$\int_{\mathbb{R}^n} f \, d\lambda=0$ if and only if $f(x)=0$ almost everywhere

Question

let's say $f: \mathbb{R}^n \to [0,+\infty]$ is a positive measurable function. I want to prove that $\int_{\mathbb{R^{n}}} f \, d\lambda=0$ if and only if $f(x)=0$ almost everywhere.

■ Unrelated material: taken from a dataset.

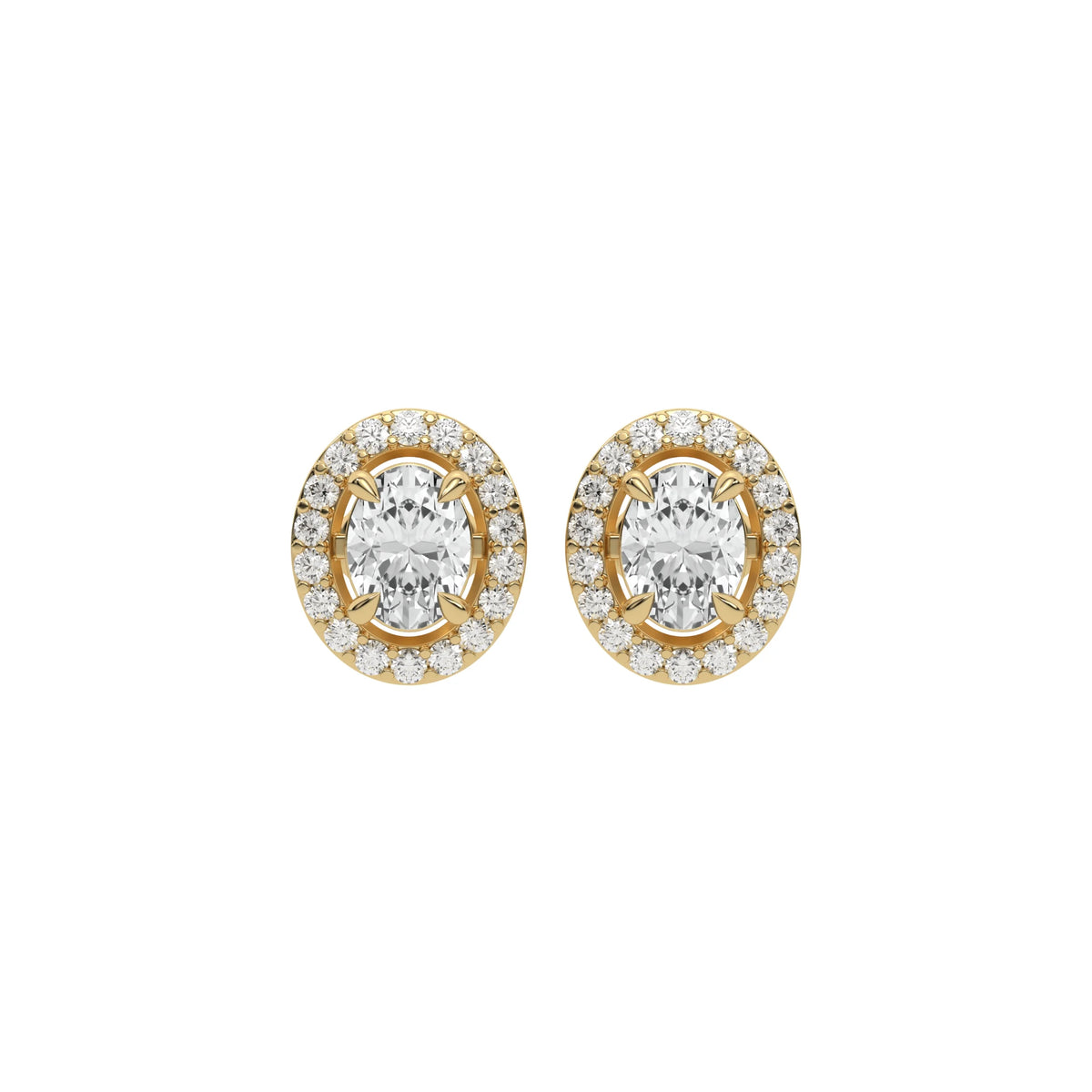 1 CT 18k Yellow gold Oval cut Diamond Halo stud Earrings set in a four prong setting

Let's say $f(x)=0$ almost everywhere. Name $g$ the zero function. Now it follows that $g$ and $f$ are almost everywhere the same. This means that the intergal of $f$ equals the integral of $g$ (which exists because we know that the integral of the zero function existst). This means that $\int_{\mathbb{R}^n} f \, d\lambda=\int_{\mathbb{R}^n} g \, d\lambda=0$

Now the other side. Let's say $\int_{\mathbb{R}^n} f \, d\lambda=0$ . I know I need to do something with $f$ is positive because when it's not this implication wouldn't work. I just don't know how to start with this side. How do you start to prove this or what are thet tools?

Answer 1

Hint: suppose that $\lambda(\{x\mid f(x)>0\})>0$. Then argue that there exists $n$ so that $\lambda(\{x\mid f(x)>0)>1/n\})>0$. Now recall that the Lebesgue integral of $f$ is the supremum of the integral of all simple functions less than $f$. Can you find a simple function less than $f$ with positive integral to get a contradiction?

Answer 2

$$ \{ x : f(x)>0 \} = \{x: f(x)\ge 1\} \cup \bigcup_{n=1}^\infty \left\{x:\tfrac 1 {n+1} \le f(x) < \tfrac 1 n \right\} $$ If the set on the left has positive measure then one of the terms in this union has positive measure, and that measure times the corresponding lower bound on values of $f(x)$ in that set gives you a positive lower bound on the integral.